++++ ENTRIES SUPPLIED
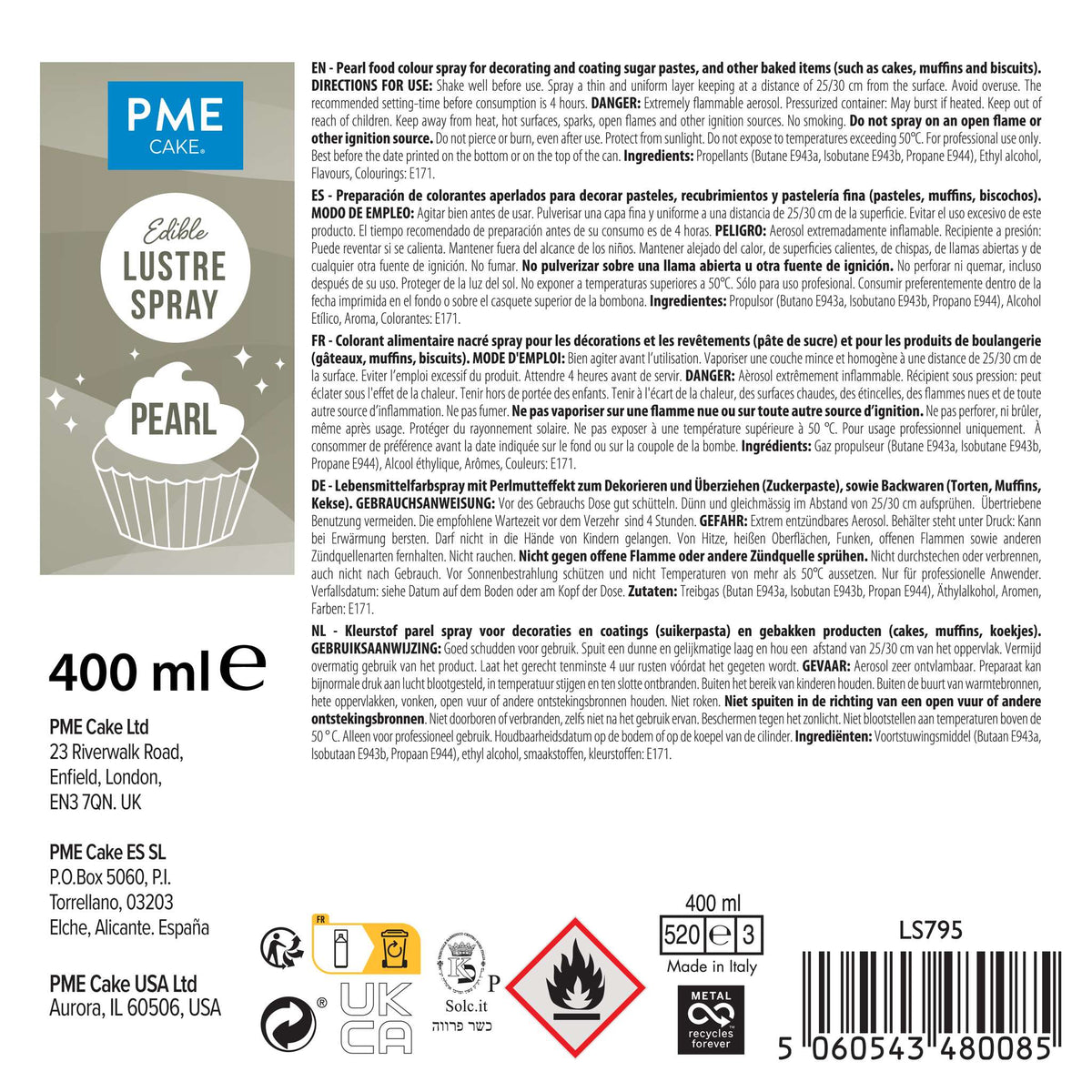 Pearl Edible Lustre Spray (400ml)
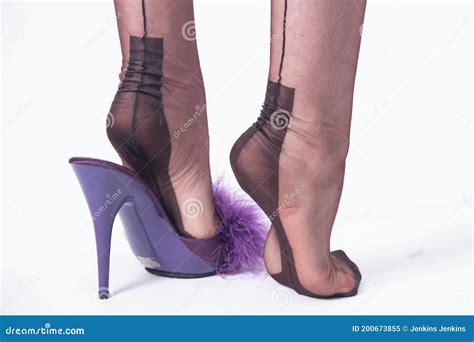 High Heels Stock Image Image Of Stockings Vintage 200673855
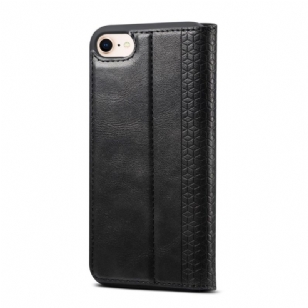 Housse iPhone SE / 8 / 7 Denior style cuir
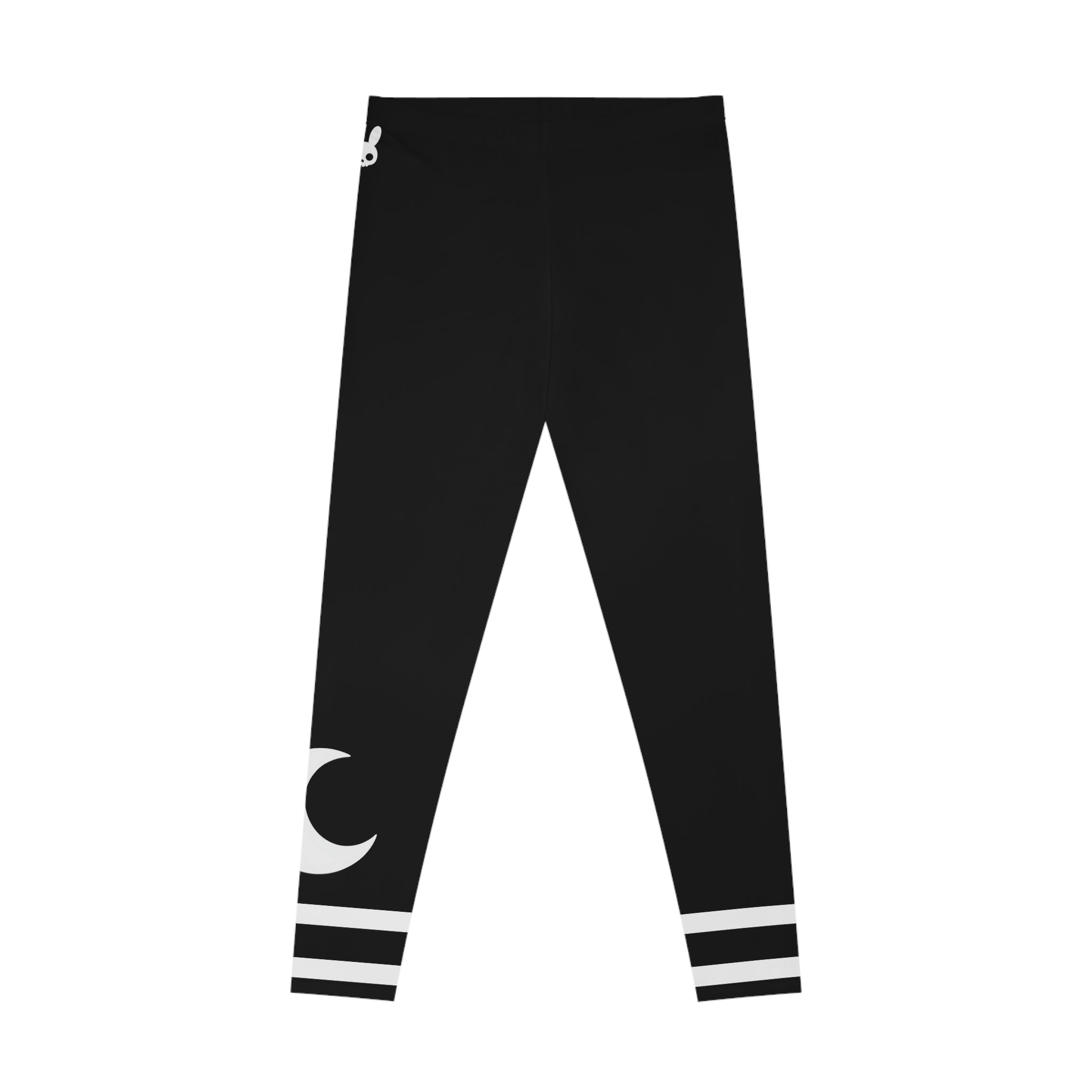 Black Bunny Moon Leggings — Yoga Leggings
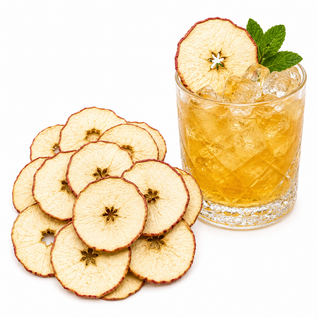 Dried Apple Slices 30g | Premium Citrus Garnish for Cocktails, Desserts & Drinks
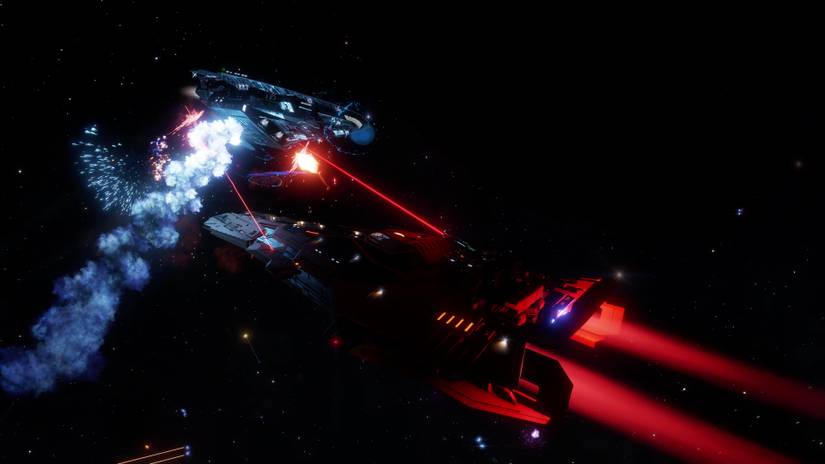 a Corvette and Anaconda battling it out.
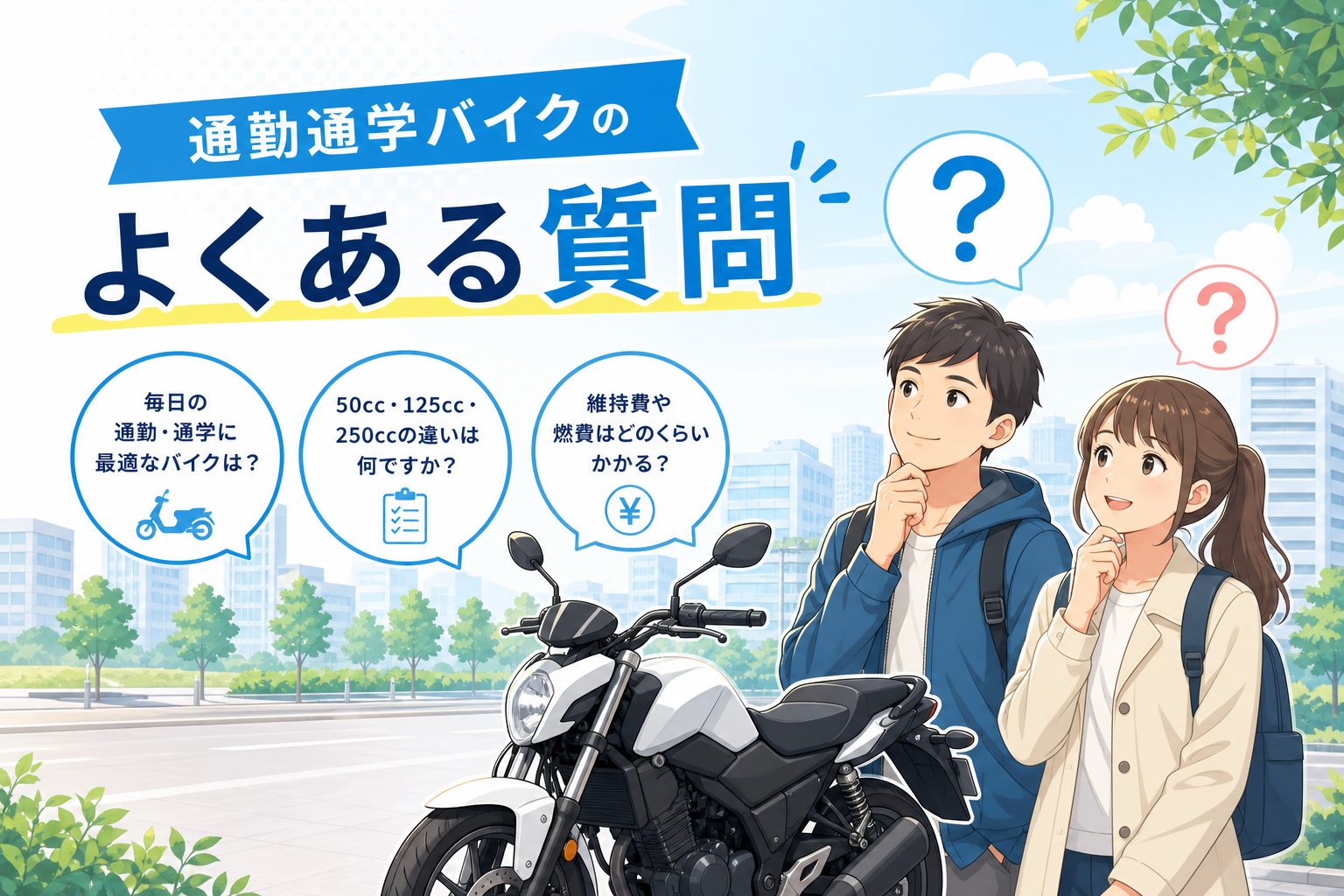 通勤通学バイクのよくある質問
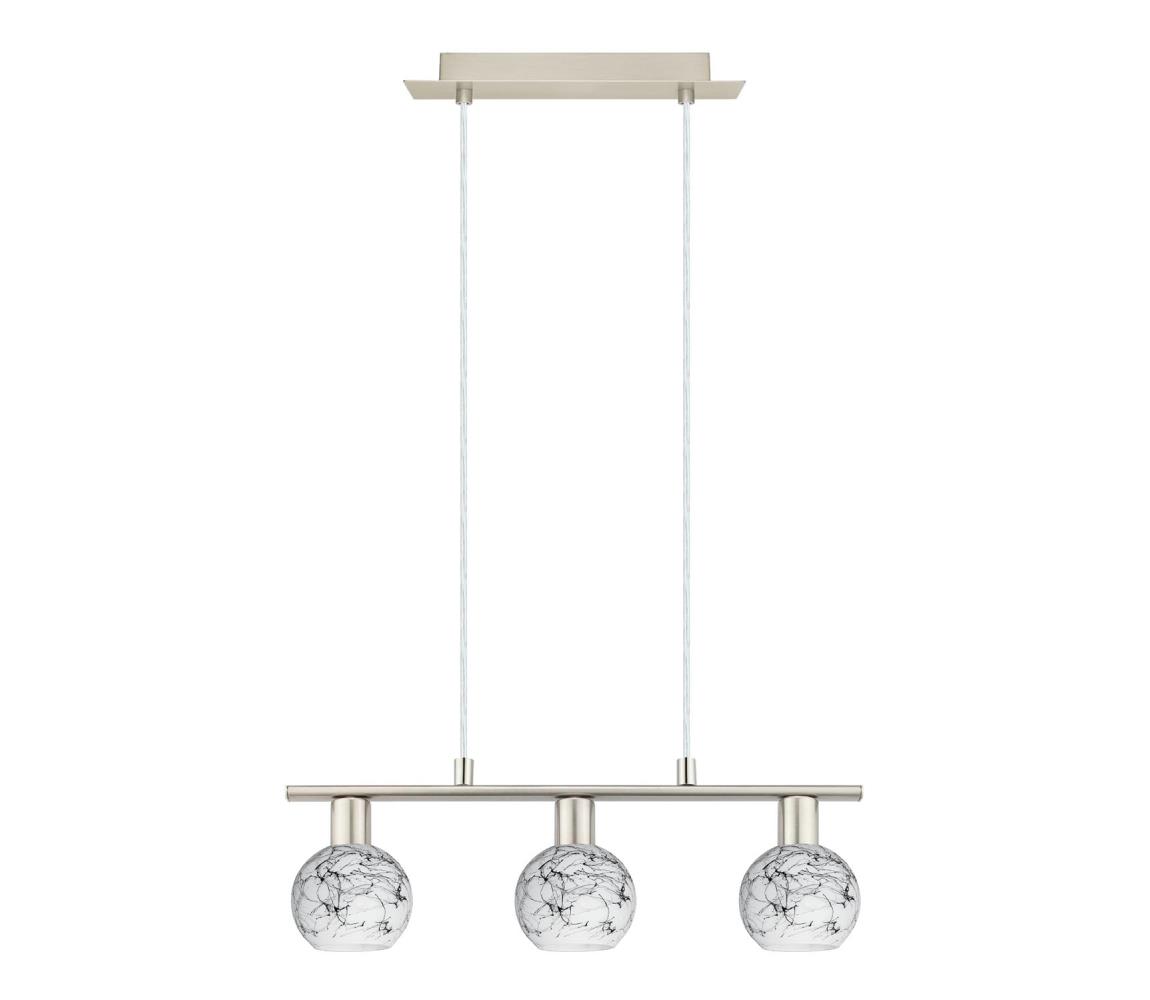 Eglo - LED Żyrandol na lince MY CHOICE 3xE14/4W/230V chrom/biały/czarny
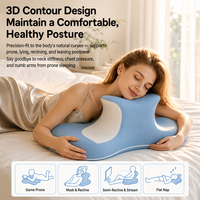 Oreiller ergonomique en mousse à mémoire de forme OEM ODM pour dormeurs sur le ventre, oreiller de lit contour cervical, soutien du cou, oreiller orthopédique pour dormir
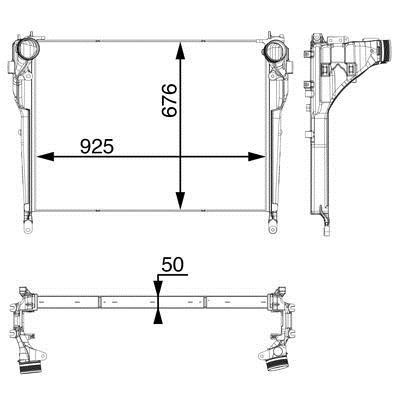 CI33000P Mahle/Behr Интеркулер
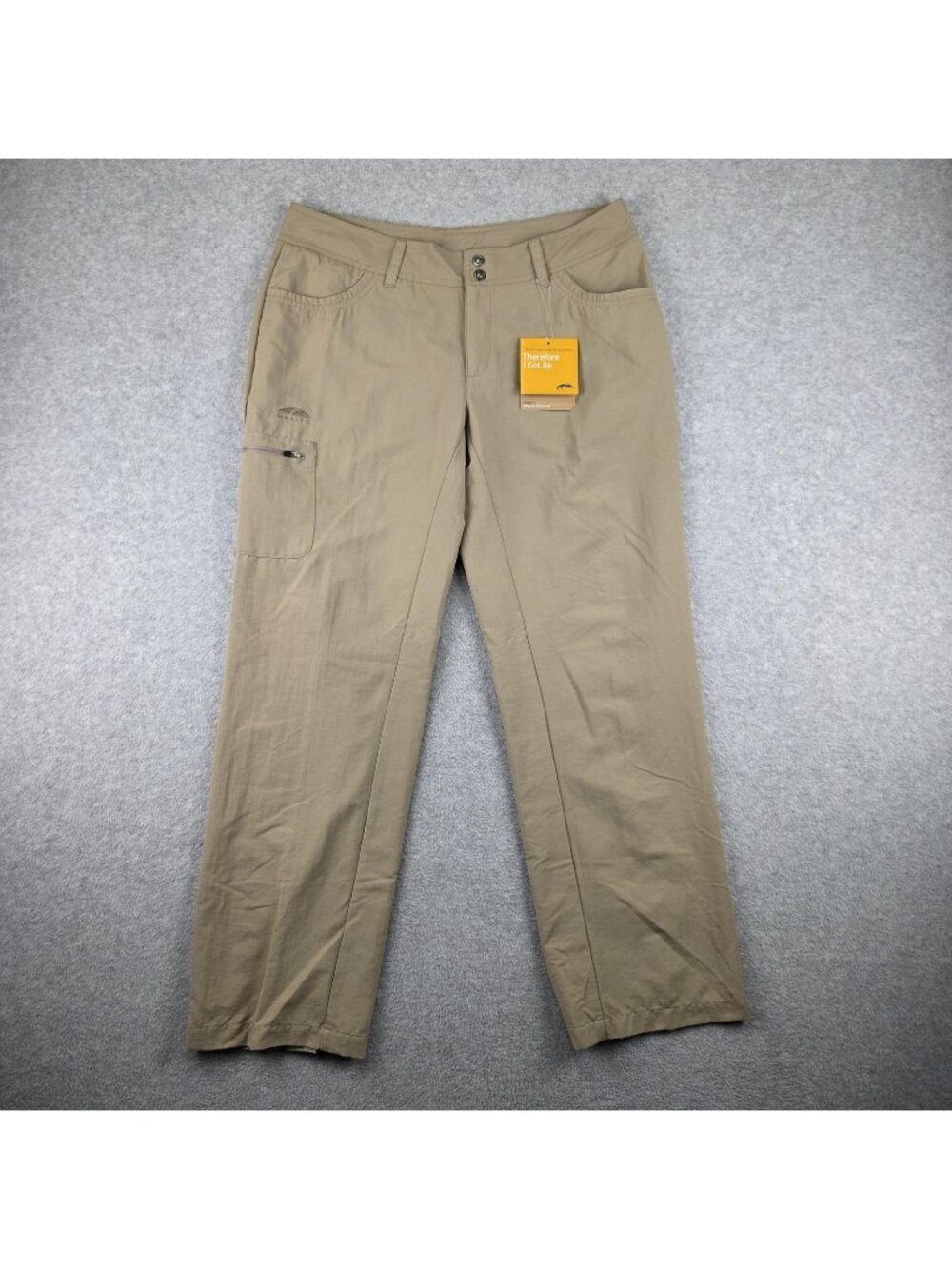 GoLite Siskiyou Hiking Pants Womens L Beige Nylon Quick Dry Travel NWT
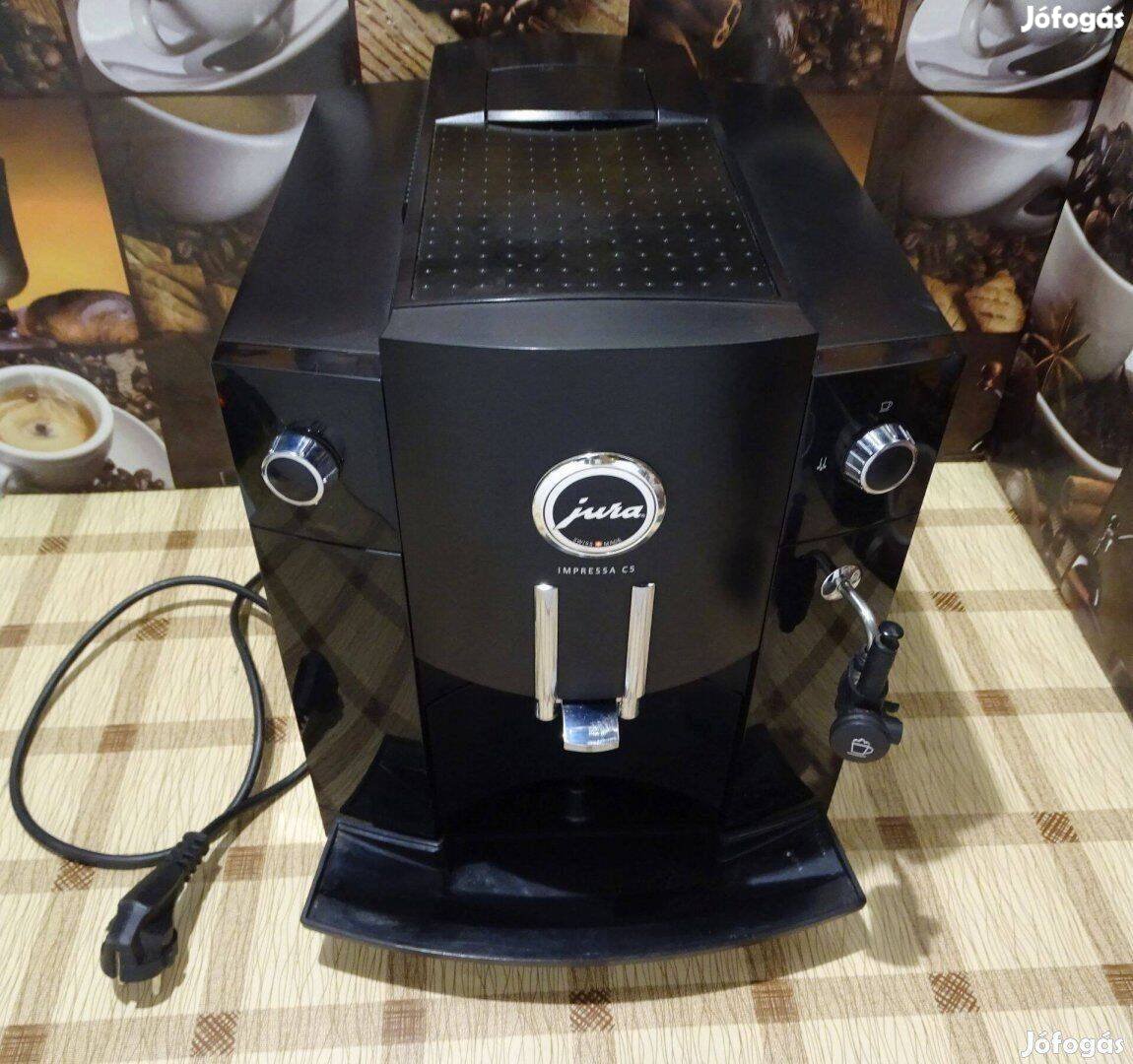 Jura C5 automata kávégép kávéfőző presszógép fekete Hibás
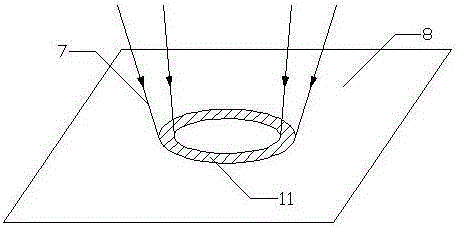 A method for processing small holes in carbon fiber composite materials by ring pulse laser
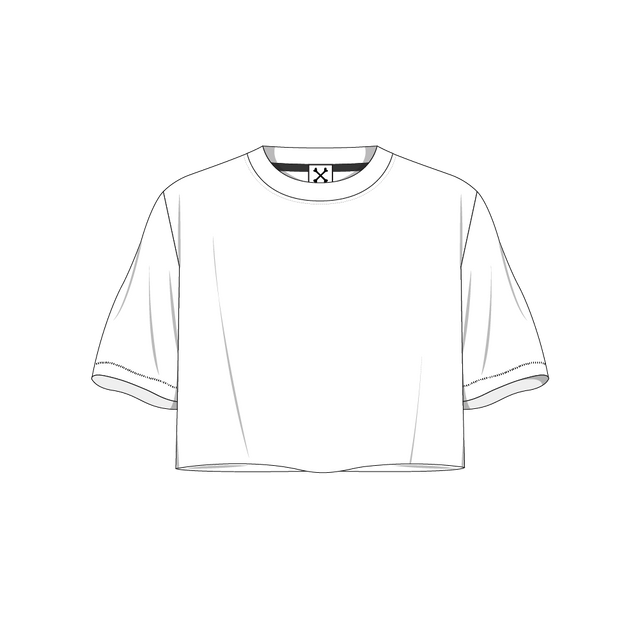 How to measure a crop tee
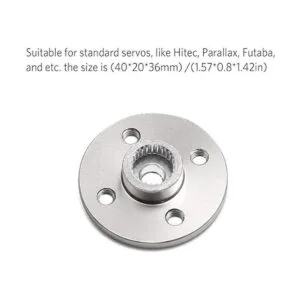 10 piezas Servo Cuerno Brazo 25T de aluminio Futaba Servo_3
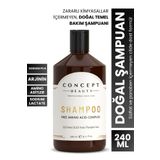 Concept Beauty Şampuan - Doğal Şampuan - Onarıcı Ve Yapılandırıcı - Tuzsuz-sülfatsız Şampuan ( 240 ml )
++++++++
TO DO: Without any of its images, the data above should be returned exactly.

EXERCISE RESULT:
 Pearl Edible Lustre Spray (400ml)
 High Heels Stock Image Image Of Stockings Vintage 200673855
 Housse iPhone SE / 8 / 7 Denior style cuir
 Black Bunny Moon Leggings — Yoga Leggings
 Dried Apple Slices 30g | Premium Citrus Garnish for Cocktails, Desserts & Drinks
 a Corvette and Anaconda battling it out.
 通勤通学バイクのよくある質問
 Eglo - LED Żyrandol na lince MY CHOICE 3xE14/4W/230V chrom/biały/czarny
 Oreiller ergonomique en mousse à mémoire de forme OEM ODM pour dormeurs sur le ventre, oreiller de lit contour cervical, soutien du cou, oreiller orthopédique pour dormir
 CI33000P Mahle/Behr Интеркулер
 GoLite Siskiyou Hiking Pants Womens L Beige Nylon Quick Dry Travel NWT
 Jura C5 automata kávégép kávéfőző presszógép fekete Hibás
 A method for processing small holes in carbon fiber composite materials by ring pulse laser
 How to measure a crop tee
 10 piezas Servo Cuerno Brazo 25T de aluminio Futaba Servo_3
 Concept Beauty Şampuan - Doğal Şampuan - Onarıcı Ve Yapılandırıcı - Tuzsuz-sülfatsız Şampuan ( 240 ml )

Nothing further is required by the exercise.